Just like creating a budget and tracking your expenses allows us to see exactly how we’re spending our money and where we can cut back, tracking your time will allow you to do the same.
Plus, monitoring is a proven strategy for sticking with a goal or forming a habit. So if you decide there are changes you want to make, this is going to help.
This exercise is simple but it’s not easy. The best way I’ve found to be successful with this is to check in with yourself once an hour (or even every 30 minutes) and make notes of how you spent that block of time. For some mindless tasks, like switching over to scroll through Facebook, you’re definitely going to have to estimate but using a tracking app can help you be more accurate. And remember: we tend to overestimate how long we spend on productive tasks and underestimate our attention on mindless ones. So if you’re horrified to find that you’re wasting a couple of hours a day on pointless social media stalking, you’re likely clocking even more than that .
There are apps that you can install to help you track and monitor how much time you are spending on various online tasks. Here are a few good options: 8aweek, Wakoopa, or Meetimer will all give you a clearer picture of how you’re spending your time online.
In terms of tracking, I like to use a colour coded system, breaking things up into categories like: work, dreams, self-care/health, connection, leisure and then using coloured highlighters to note in my planner what I spent each hour doing with a few annotated notes to get more specific. You could also apply this system to your Google Calendar. Or you can get even more high tech and use a free time tracking app like, Hours, Jiffy, or Rescue Time. The key is to pick a system you can stick with for at least a few days, preferably a week or more, to get a really clear picture of how you’re spending your time.
Step 2. Assess the results.
You might be surprised at the results of your time tracking or it might just tell you what you already know. Either way, be gentle with yourself.
Information is power so now it’s time to take a look at how you’re spending your time and ask yourself a few questions:
- Are you happy with how you’re spending your time?
- Are there any places you could cut back on certain activities in order to make room for things that are more important for you?
- Are there any obvious pockets of time that you could use more mindfully and intentionally to support your dreams and the life you want?
Take note of your answers and any new intentions you have based on your findings.
Step 3. Identify your dream hours.
Your dream hours are those pockets of time you can recommit everyday or every week to slowly but surely making your dreams come true. Ideally they’ll be at least 30 minutes or more a time but work with what you’ve got. Write down exactly when and what days you’ve identified dream hours you can work with.
Step 4. Decide what you want to do with them.
This is the really fun part: you get to decide what to do with this time!
Are you going to use them to work towards bringing your biggest dream to life? It’s important to know exactly how you’re going to use them.
Having a plan means that when you sit down to work, you don’t waste time figuring out what to do, you just do it.
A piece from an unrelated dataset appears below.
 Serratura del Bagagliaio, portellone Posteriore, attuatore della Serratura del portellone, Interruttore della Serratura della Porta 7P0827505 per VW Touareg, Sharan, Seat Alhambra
For some dreams, you’ll be sitting down to work on a similar task every day – like with the example of writing a book. For others, you’ll be completing different steps every day and perhaps working on new projects every week.
But working towards a monumental goal might not be important to you right now. Perhaps you want to use this time to cultivate your core desired feelings. Or move your body. Or infuse your life with pleasure. Or have more stillness. This is completely up to you. Right now I’m practicing Qoya every day for 30 days so I found some dream hours to commit to my embodiment practice. The key is to be intentional so that you can truly commit and form a habit.
So you might not have as many hours in a day as Beyonce, or even as many as the woman who sits across from you at work, but you do have the power to be intentional with your time. And however you choose to spend it, that intention will add up to a life you love, designed mindfully by you.